We first use the same snippet as earlier to acquire the lock. Then we use let-else to extract our pointer or early return. We then iterate through our array of allocations, and when we find a free slot we add our allocation there. If we didn’t find a free slot, then we early return. We then unlock and return the pointer.

We can then add a simple main function that does a few allocations to test this:

fn main() {
    println!("Hello, world!");
    let a = 5_i32;
    println!("Variable a = {a}");

    let mut v = (1..10).into_iter().map(|x| (x, x * 5)).collect::<Vec<(u8, u8)>>();
    for (one, five) in v {
        println!("{one} * 5 = {five}");
    }
}

And if we check our console, we can see that we get all of our expected output:

$ cargo run --quiet
Hello, world!
Variable a = 5
1 * 5 = 5
2 * 5 = 10
3 * 5 = 15
4 * 5 = 20
5 * 5 = 25
6 * 5 = 30
7 * 5 = 35
8 * 5 = 40
9 * 5 = 45

But that’s not the end of allocation, unfortunately.

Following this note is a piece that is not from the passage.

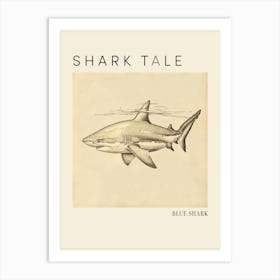 Bull Shark Vintage Illustration 2 Poster Art Print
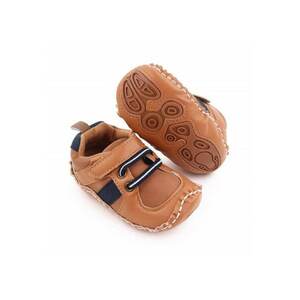Pantofi sport Model AL 19617 cu insertie bleumarin - Pentru bebelusi - Textil - Baieti - 3-6 luni - Maro - imagine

Did you really think we’d avoided UB?#

If we run it through miri instead, we get this:

$ cargo +nightly miri run
error: Undefined Behavior: constructing invalid value: encountered an unaligned reference (required 8 byte alignment but found 1)
    --> C:\Users\micro\.rustup\toolchains\nightly-x86_64-pc-windows-msvc\lib\rustlib\src\rust\library\alloc\src\sync.rs:1834:24
     |
1834 |             ptr::write(&mut (*inner).strong, atomic::AtomicUsize::new(1));
     |                        ^^^^^^^^^^^^^^^^^^^^ constructing invalid value: encountered an unaligned reference (required 8 byte alignment but found 1)
     |
# further output removed - it just says that this is from the language runtime startup

And we come to an old friend - alignment. We didn’t really have to deal with this earlier (in our 4-4-only allocator), because the length was identical to the alignment and we didn’t just randomly skip bytes to have to deal with alignment. Here, however it is an issue. Luckily, the fix is relatively simple.

The first change needed is to make our find_next_space take in a Layout rather than just a length (and then in the callsite, we just remove the .size() call). Then, we need to change our code that changes next_space_to_chk. Previously, we just set it to one after the end of the block that we overlapped with, but now we need to set it to the next aligned pointer.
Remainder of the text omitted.